L'élargissement des droits politiques et du droit de vote influe à la fois sur la composition des assemblées législatives, favorisant la participation des femmes, et sur les aspirations de l'électorat, les femmes pouvant avoir des préférences sociales distinctes. De fait, une plus grande présence féminine semble avoir modifié la composition des programmes sociaux et de santé publique et augmenté les dépenses publiques qui y sont consacrées, comme on l'observe aux États-Unis et dans certains pays d'Europe occidentale. Enfin, l'accroissement des droits des femmes sur leur corps et leur vie a également des répercussions sur l'économie. L'accès à la contraception orale, par exemple, renforce leur contrôle sur le moment d'avoir un enfant et, par conséquent, leur participation au marché du travail et leurs choix de carrière.

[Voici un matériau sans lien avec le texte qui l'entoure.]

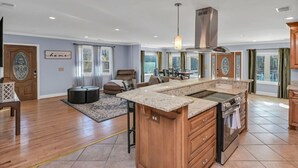 A spacious kitchen with a large island, wooden cabinets, and a modern stove. - Pond View Retreat | Bright & Spacious 3BR (West Columbia)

Leçons de politique publique
L'étude mentionnée ci-dessus met en lumière les causes et les conséquences de l'élargissement des droits des femmes. Elle révèle une corrélation positive entre ces droits et le PIB par habitant (indicateur de développement économique) des pays actuels, les progrès en matière d'éducation constituant le lien entre l'autonomisation des femmes et le développement. Ainsi, à mesure que cette corrélation se renforce dans les pays pauvres, la voie à suivre sera celle de l'élargissement des droits. L'autonomisation entraîne notamment une redistribution et une augmentation des dépenses publiques consacrées à la santé, à l'enfance et à l'éducation, ainsi qu'un accroissement des investissements dans le capital physique et humain.
Référence
Doepke, Matthias ; Tertilt, Michele ; Voena, Alessandra. «L'économie et la politique des droits des femmes.» Documents de discussion IZA 6215, Institute of Labour Economics (IZA), 2011.